Jacquet confie avoir souhaité raconter la vie de Lorius à la manière d’une enquête policière (qui chercherait donc aussi les causes du dérèglement climatique), ce que son choix de mise en scène retranscrit avec habileté. Or, le film va au-delà de ce côté polar pour devenir aussi (et surtout) un film d’aventure à part entière, comme le résume parfaitement une phrase du commentaire : « Le voyage de la glace est à lui seul une épopée ». Le montage et la musique de Cyrille Aufort renforcent cette impression, que donnent déjà les archives elles-mêmes, d’une puissance cinématographique étonnante : les scènes claustrophobiques de la base Charcot donnent le sentiment d'être d'un épisode de « Lost » ; le plan aérien des camions avec les traces à perte de vue ou les scènes de tempête ont un air de fin du monde digne d’un film post-apocalyptique à la "Mad Max" ; les archives soviétiques, avec accordéon et coups de feu en l’air, semblent tout droit sorties d’un film de Kusturica…
En fait, "La Glace et le Ciel" bat en brèche ce cliché qui voudrait que le cinéma documentaire soit un « cinéma du réel ». Non, un documentaire, ce n’est pas (ou pas seulement) le réel, mais bien du réel mis en scène. Donc un point de vue sur le réel, qui n’a pas à être exhaustif, ni neutre, ni même forcément réaliste.
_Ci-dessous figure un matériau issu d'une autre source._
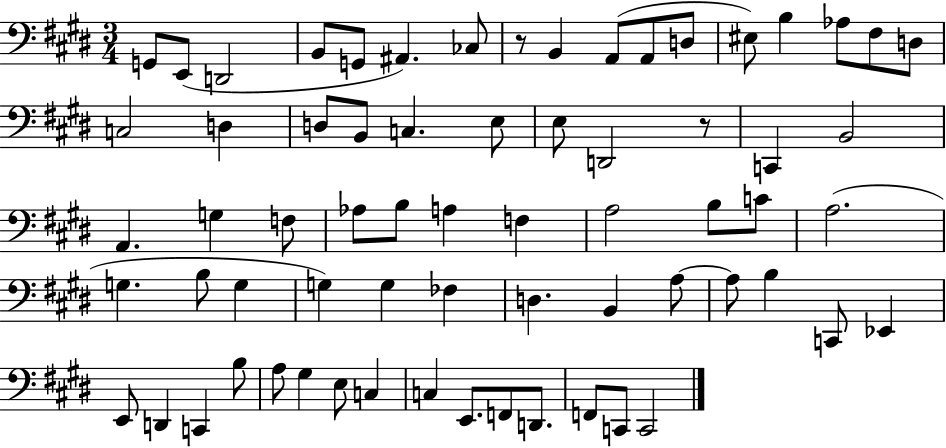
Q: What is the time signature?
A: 3/4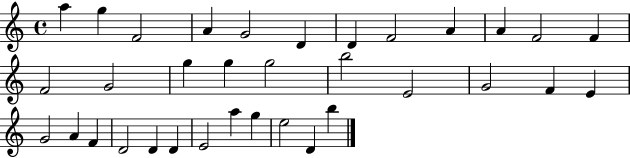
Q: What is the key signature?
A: C major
En cela, l’apparence artificielle des scènes récentes avec Lorius n’est finalement pas un problème. D’autre part, un œil avisé peut déceler de la mise en scène jusque dans le moindre plan de coupe. Le plus flagrant : deux plans montrent une foreuse de l’intérieur. Ce genre de plan n’est évidemment pas filmé au même moment que l’événement dont on parle, et probablement pas au même endroit. Ces plans ont-il été filmés pour les besoins (indéterminés) de l’époque ou s’agit-il de prises de vue récentes créées pour le film de Jacquet ? Peu importe. Dans tous les cas, une telle mise en scène documentaire n’enlève en rien l’authenticité de l’ensemble ni la sincérité du propos.
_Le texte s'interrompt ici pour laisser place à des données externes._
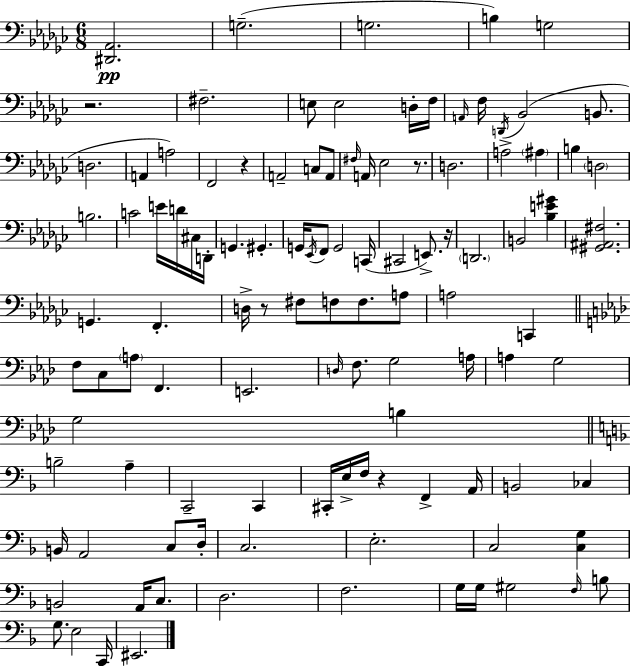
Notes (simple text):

[D#2,Ab2]/h. G3/h. G3/h. B3/q G3/h R/h. F#3/h. E3/e E3/h D3/s F3/s A2/s F3/s D2/s Bb2/h B2/e. D3/h. A2/q A3/h F2/h R/q A2/h C3/e A2/e F#3/s A2/s Eb3/h R/e. D3/h. A3/h A#3/q B3/q D3/h B3/h. C4/h E4/s D4/s C#3/s D2/s G2/q. G#2/q. G2/s Eb2/s F2/e G2/h C2/s C#2/h E2/e. R/s D2/h. B2/h [Bb3,E4,G#4]/q [G#2,A#2,F#3]/h. G2/q. F2/q. D3/s R/e F#3/e F3/e F3/e. A3/e A3/h C2/q F3/e C3/e A3/e F2/q. E2/h. D3/s F3/e. G3/h A3/s A3/q G3/h G3/h B3/q B3/h A3/q C2/h C2/q C#2/s E3/s F3/s R/q F2/q A2/s B2/h CES3/q B2/s A2/h C3/e D3/s C3/h. E3/h. C3/h [C3,G3]/q B2/h A2/s C3/e. D3/h. F3/h. G3/s G3/s G#3/h F3/s B3/e G3/e. E3/h C2/s EIS2/h.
Cette pratique est d’ailleurs bien plus courante qu’on ne l’imagine mais c’est un peu tabou à cause de ce stéréotype qui veut que documentaire rime avec réel. Les docufictions ou les documentaires animés comme "Valse avec Bachir" sont-ils pour autant des escroqueries, eux qui poussent les logiques de reconstitution et de mise en scène documentaire à l’extrême ? Non. En fait, documentaire comme fiction ont leur part de mise en scène et de mystère dans leur élaboration. C’est aussi cela, la magie du cinéma : se demander comment des plans ou des scènes ont été filmés (surtout s’ils sont magnifiques), sans forcément pouvoir ni vouloir trouver une réponse à tout prix.
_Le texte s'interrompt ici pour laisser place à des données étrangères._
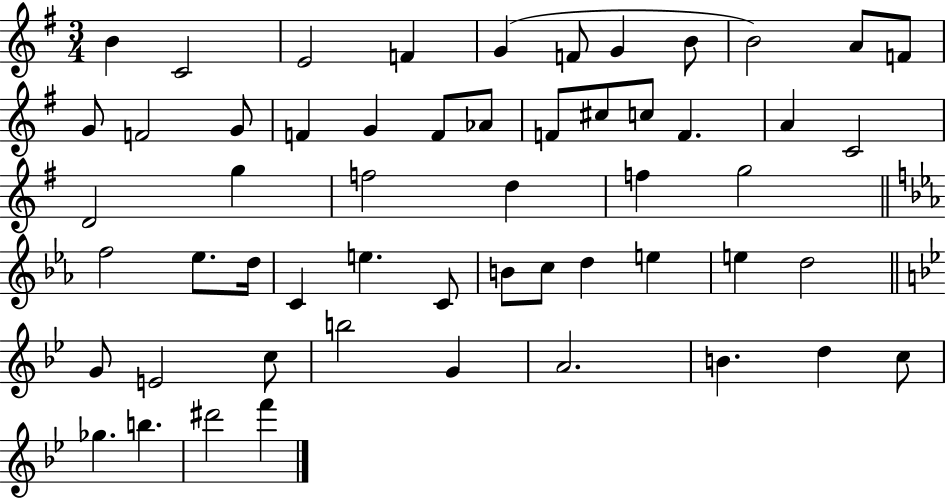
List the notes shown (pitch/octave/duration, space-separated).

B4/q C4/h E4/h F4/q G4/q F4/e G4/q B4/e B4/h A4/e F4/e G4/e F4/h G4/e F4/q G4/q F4/e Ab4/e F4/e C#5/e C5/e F4/q. A4/q C4/h D4/h G5/q F5/h D5/q F5/q G5/h F5/h Eb5/e. D5/s C4/q E5/q. C4/e B4/e C5/e D5/q E5/q E5/q D5/h G4/e E4/h C5/e B5/h G4/q A4/h. B4/q. D5/q C5/e Gb5/q. B5/q. D#6/h F6/q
Au final, ce documentaire possède l’énergie esthétique et émotionnelle des fictions (qui manque à beaucoup de documentaires), qui permet à ses messages de passer avec une efficacité décuplée. Jacquet montre, en outre, qu’il est assez mûr pour s’essayer à nouveau à la fiction, lui qui avait déjà effleuré ce cinéma pour "Le Renard et l’Enfant", sorte de fiction pédagogique à la fois gentillette et imparfaite, dont on peut être sûr que son réalisateur est désormais capable de bien mieux.